Nei giorni scorsi si è riunito il CDA della BPER dal quale non è emersa alcuna comunicazione ufficiale, ma secondo indiscrezioni la banca sarebbe interessata all’acquisto di Banca Etruria e forse anche Marche. Favorevole allo spezzatino anche la Popolare di Bari che starebbe puntando all’acquisto di Carichieti.

Insomma, l’unico acquirente disposto a portarsi a casa il pacchetto completo delle quattro banche sarebbe Ubi, altrimenti resta in ballo soltanto lo spacchettamento delle Good bank. L’unica certezza è che, vista la freddezza di banche e investitori sulle banche in vendita, sarà impossibile arrivare a raccogliere la cifra di 1,6 miliardi utile a ripagare il prestito utilizzato per il loro salvataggio. La parte mancante dovrà essere finanziata dal Fondo tramite le quote dell’intero sistema bancario sul quale, alle fine, andrà a ricadere il peso del salvataggio.

Il secondo problema riguarda i crediti inesigibili messi a bilancio.
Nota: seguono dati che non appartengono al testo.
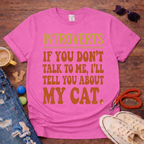 I'll tell you about my Cat T-Shirt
L’acquirente degli istituti, infatti, potrebbe ritrovarsi costretto a nuove rettifiche sul valore delle sofferenze o aumenti di capitale. Il timore che le quattro banche siano una battaglia persa, un pozzo senza fondo in cui dover soltanto buttare soldi ha fatto allontanare molti interessati e pone una pesante ipoteca sulla conclusione dell’affare.
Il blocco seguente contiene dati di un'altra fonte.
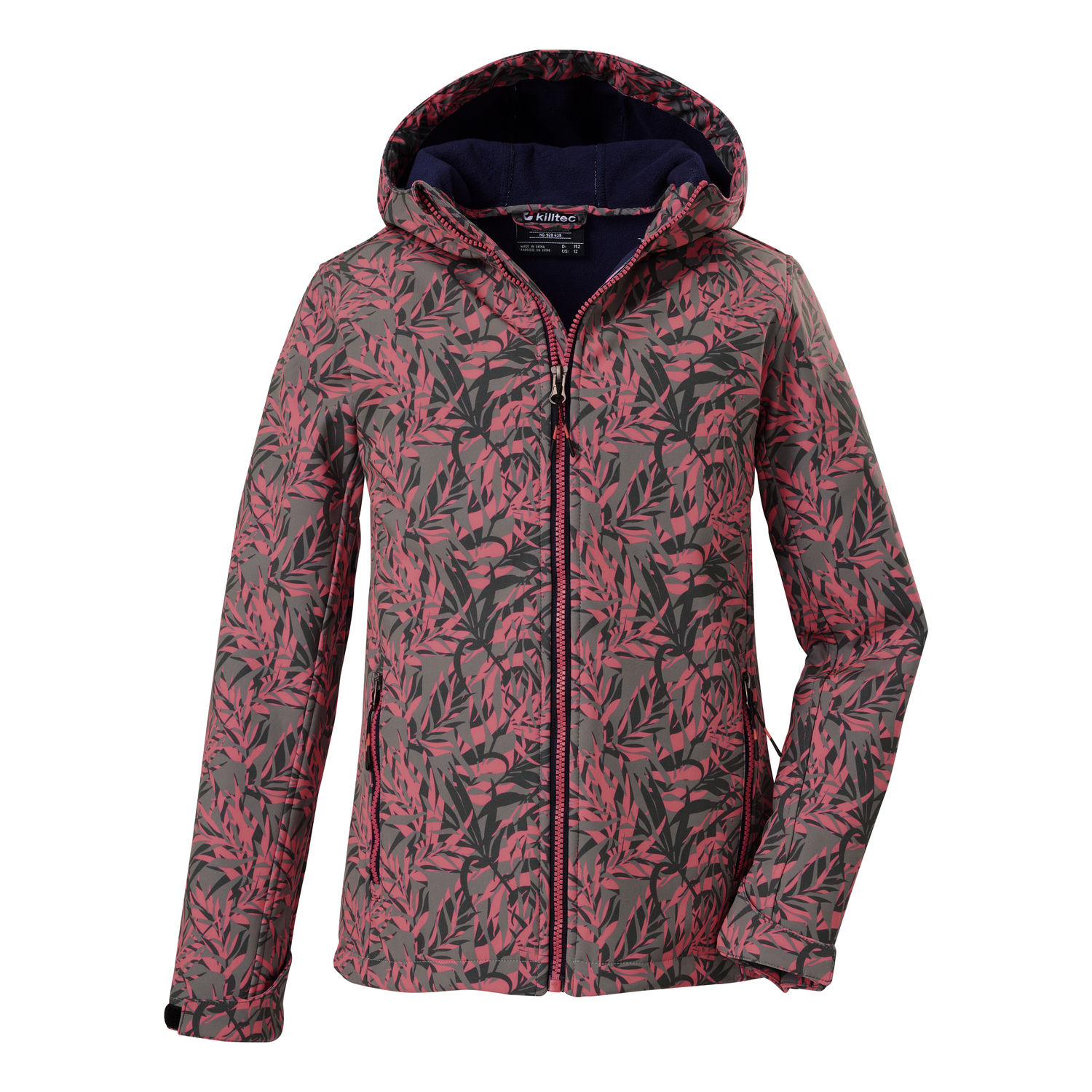 Mädchen Kinder killtec Grün Print Funktionsjacke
Nel primo semestre del 2016 le quattro banche “sane” hanno comunicato di aver riportato perdite per 133,9 milioni di euro dopo rettifiche per 109,6 milioni. Il comunicato della quattro banche afferma che “il livello di patrimonializzazione aggregato (Cet1), a fine semestre, resta sugli stessi livelli di dicembre 2015, posizionandosi al 9,88%” e evidenzia come “l'emorragia di depositi e clienti si sia arrestata e siano stati rinnovati finanziamenti”.